Timely, captivating and “appealingly human” (FT), Uncharted challenges our “prediction addiction”. In the book, Margaret explores how preparedness – doing everything today that you might need for tomorrow – provides the antidote to passivity and prediction. Updated and revised for 2021, Uncharted is a powerful retrospective about how the world changed in a year, and a captivating exploration of how to radically change how we think, plan, react and live.
Praise for Uncharted:
“Excellent (and very timely)” – Gillian Tett, Financial Times
“Wise and appealingly human. Heffernan is…a deft storyteller” – Tim Harford, Financial Times
“Uncharted challenges the fetishisation of forecasting. Is it time to embrace uncertainty?” – Stephen Sackur, BBC Hardtalk
“I have never read anything quite like Uncharted…Margaret Heffernan shook my core beliefs and made me look at the world – and myself – differently. It doesn’t get any better than that” – Tom Peters
“Some books are written to explain a moment, other books arrive at the right moment. Uncharted is both.” – Todd Sattersten, Medium
“Uncharted couldn’t be a more timely examination of the inherent unpredictability and uncertainty of life…For anybody who wants to develop the muscles of leadership, of taking responsibility, of creativity, of living in a world of uncertainty, I can’t recommend any better starting point than this book” – Matthew Taylor, RSA
About the author
Born in Texas, raised in Holland and educated at Cambridge University, Dr. Margaret Heffernan produced programmes for the BBC for 13 years. She then moved to the US where she spearheaded multimedia productions for Intuit, The Learning Company and Standard&Poors. She was Chief Executive of InfoMation Corporation, ZineZone Corporation and then iCast Corporation, was named one of the “Top 25” by Streaming Media magazine and one of the “Top 100 Media Executives” by The Hollywood Reporter.
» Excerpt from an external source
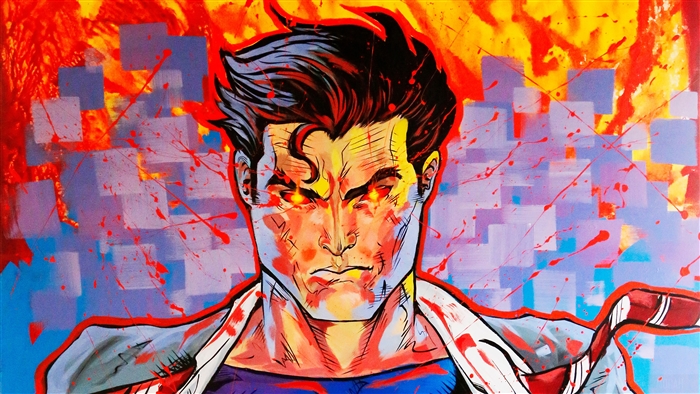 Superman from DC Comics with fiery eyes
The author of six books, Margaret’s third book, Wilful Blindness: Why We Ignore the Obvious at our Peril was named one of the most important business books of the decade by the Financial Times. In 2015, she was awarded the Transmission Prize for A Bigger Prize: Why Competition isn’t Everything and How We Do Better, described as “meticulously researched…engagingly written…universally relevant and hard to fault.” Her TED talks have been seen by over twelve million people and in 2015 TED published Beyond Measure: The Big Impact of Small Changes. Her most recent book, Uncharted: How to map the future was published in hardback in 2020. It quickly became a bestseller and was nominated for the Financial Times Best Business Book award.
She is a Professor of Practice at the University of Bath, Lead Faculty for the Forward Institute’s Responsible Leadership Programme and, through Merryck & Co., mentors CEOs and senior executives of major global organizations. She chairs the boards of DACS and FilmBath and is a Trustee of the Centre for Effective Dispute Resolution.